What do you learn about yourself from the blues people and culture and what does the blues mean to you?
I am in awe in front people like Muddy Waters, B.B. King or John Lee Hooker, who achieved so much in their lifetime although they were born in the wrong place, at the wrong time. As Elvin Bishop told me, blues is like recycling all the bad stuff that happens to you to produce something that makes you feel good. Blues is about life, it makes people get together and dance. I believe it is one of mankind’s greatest art form. Writing on the blues is not my job – I’m an academic doing research in Sociology on totally different issues (such as farming, the “back-to-the land” movements and US war veterans). But listening to the blues since I was a teenager, meeting its people, going to concerts or juke-joints, sure helped me a lot in my work – the blues teaches you to love genuine people and understand what they go through.
How started the thought of your book: Buried alive in the blues: L'histoire du blues rock Américain?

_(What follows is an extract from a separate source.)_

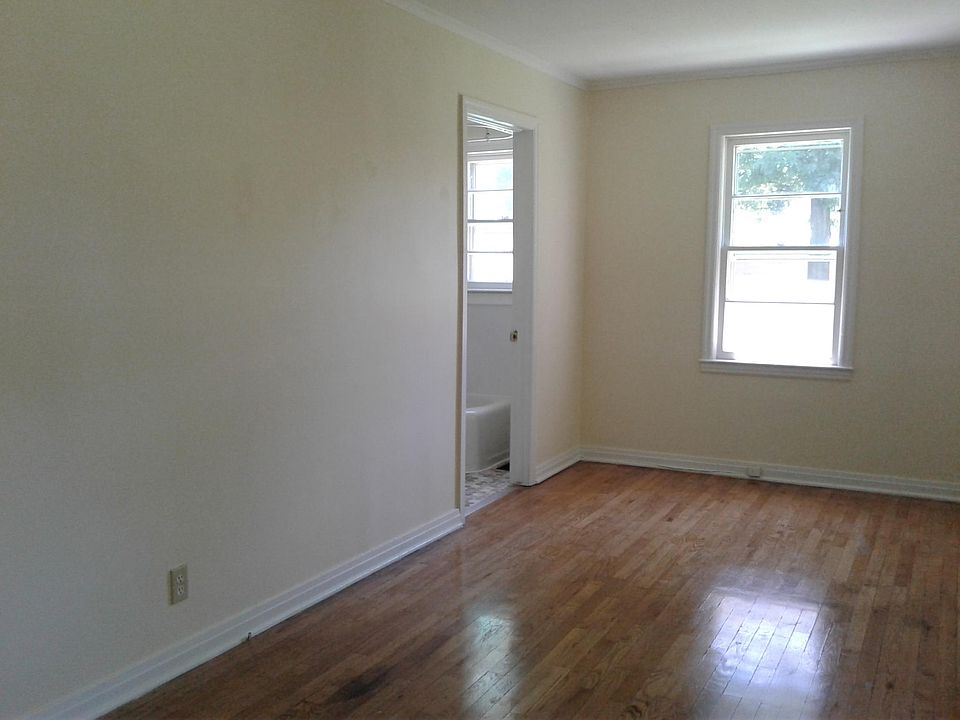 1st image of 2908 Sacramento St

This book is my first one, but I started writing for the French magazine Soul Bag twenty years ago (I’m 44). The first blues artists I ever interviewed are Corky Siegel, Mighty Joe Young, Jimmy Dawkins and Junior Kimbrough, in the fall of 1997 during my first trip to Chicago and to Mississippi. Since then, I never really stopped making interviews with artists I had the opportunity to meet, from blues originators like John Lee Hooker to soul-blues artists of the new generation like JJ Thames, from gospel singer Clarence Fountain of the Blind Boys of Alabama to Irish rocker Gary Moore. But I never really bothered to really use them to make books. I always felt everything had been said better than I could ever by authors such as Peter Guralnick, Bill Ferris, David Evans or, in France, Gérard Herzhaft. By nature, I’m also interested in a lot of different things so I didn’t want to focus all my work on the blues – especially since I am not myself a musician. I would feel quite uncomfortable being a “blues scholar” and make a career thanks to the blues, while so many blues musicians could never make a penny themselves. I just consider myself a blues fan, using Soul Bag to share my enthusiasm with readers.

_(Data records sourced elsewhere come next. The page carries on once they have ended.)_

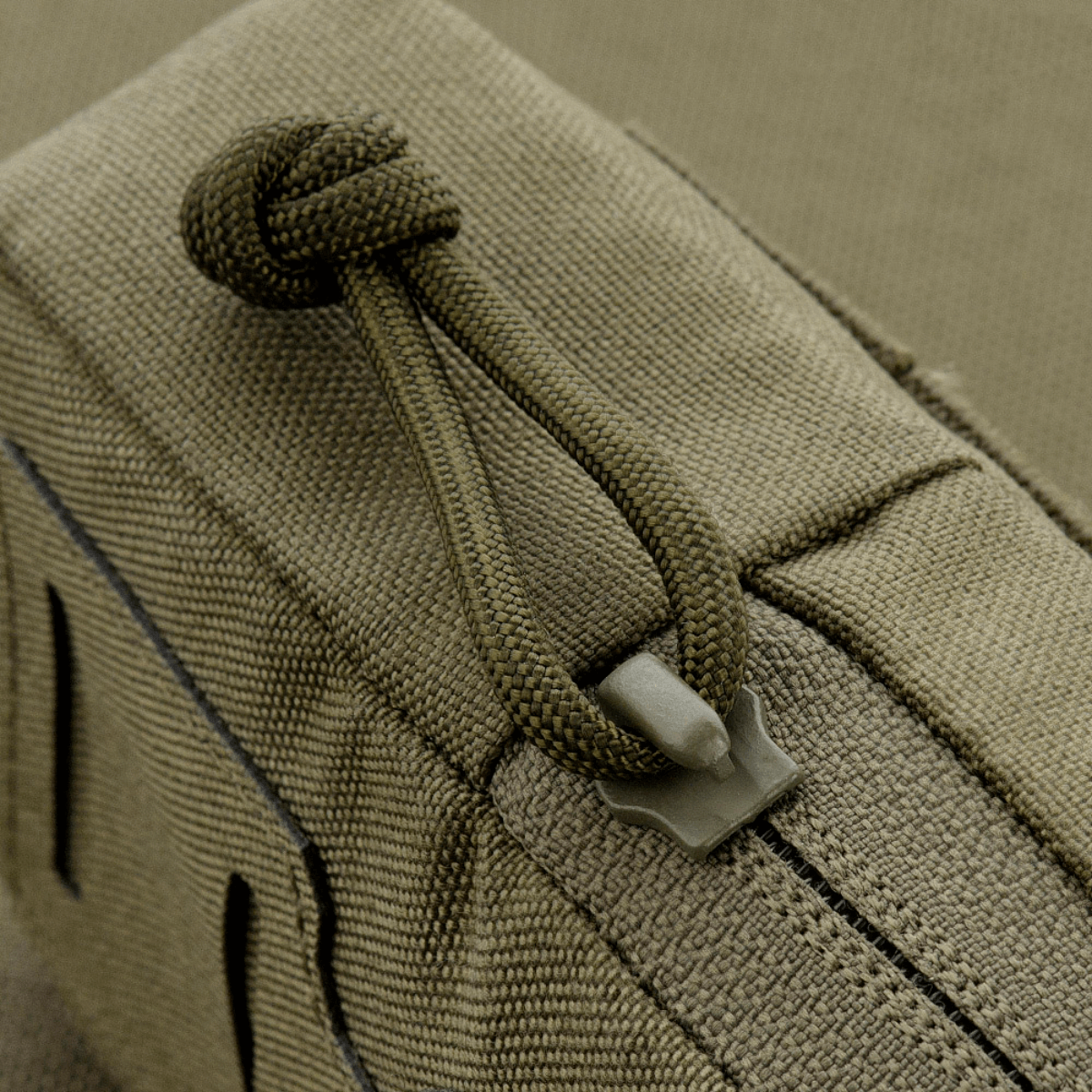 M-Tac PC Utility Pouch Elite vetoketjidetalji ja kestävät kiinnikkeet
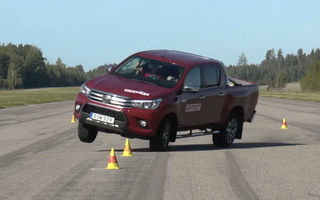 Toyota Hilux, repetent la testul elanului: la 60 de km/h mașina e un pericol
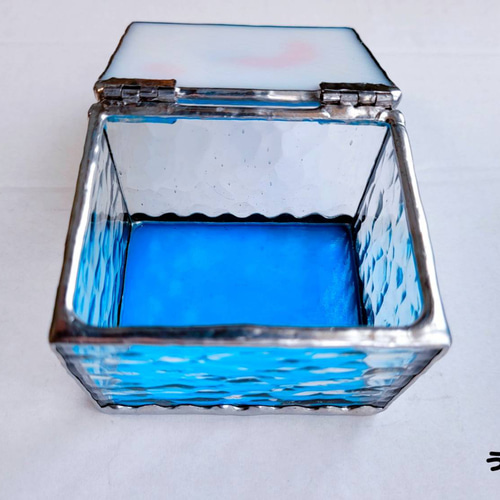 ステンドグラス 小物入れ 「白くまの夏休み☆ミニBOX」 フリー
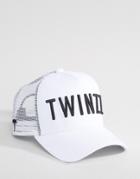 Twinzz Trucker Cap With Contrast Logo In White - White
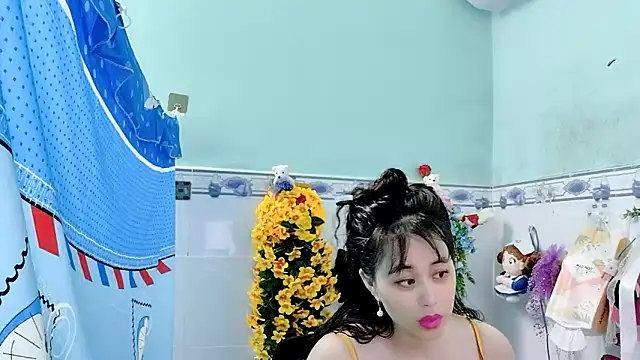 emgaixinhngoan online show from October 3, 2025, 4:15 pm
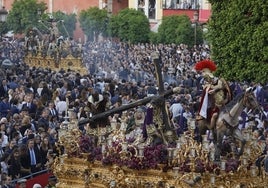 El Cristo de las Tres Caídas, sin música y con cambios, en el Santo Entierro Grande de Sevilla de 2023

But over the years, I began to feel something was missing in the picture: people always talk about the Rolling Stones, Eric Clapton and the British blues of the 1960’s, but names like Paul Butterfield or Michael Bloomfield were slowly forgotten, as well as where their music came from, and the life experience or the feeling it carried at the first place. For example, I thought that the young fans who are currently discovering Charlie Musselwhite through his collaboration with Ben Harper needed to know who Charlie was, where he came from and what makes this collaboration so meaningful. I began to think of a book where Charlie’s story is told, as well as Bloomfield’s, Butterfield’s, Johnny Winter’s or Jimmie Vaughan’s and so on. Unlike its British counterpart, American blues rock can not be reduced to “white blues”: these musicians were more closely immersed in African-American culture, and the bands were mixed. I also felt the need to show how their legacy lives on, with contemporary artists who deserve to be acknowledged for what they are achieving, like Derek Trucks or Sue Foley. So I ended up saying to myself that I could write this book. But I would never have done it if the French publisher Le Mot et le reste, from Marseille, had not turned out to be interested in it. I consider their catalogue as the best collection of books about music in the French language, so I was overwhelmed to receive their support. I borrowed the title from the song Nick Gravenites wrote for Janis Joplin. Nick Gravenites is a great artist and songwriter and his songs, such as this one or “Born in Chicago” (the opener of the first Butterfield Blues Band album) represent his generation.
"As Elvin Bishop told me, blues is like recycling all the bad stuff that happens to you to produce something that makes you feel good. Blues is about life, it makes people get together and dance. I believe it is one of mankind’s greatest art form." (Eric Doidy & Elvin Bishop / Photo by Bob Hakins)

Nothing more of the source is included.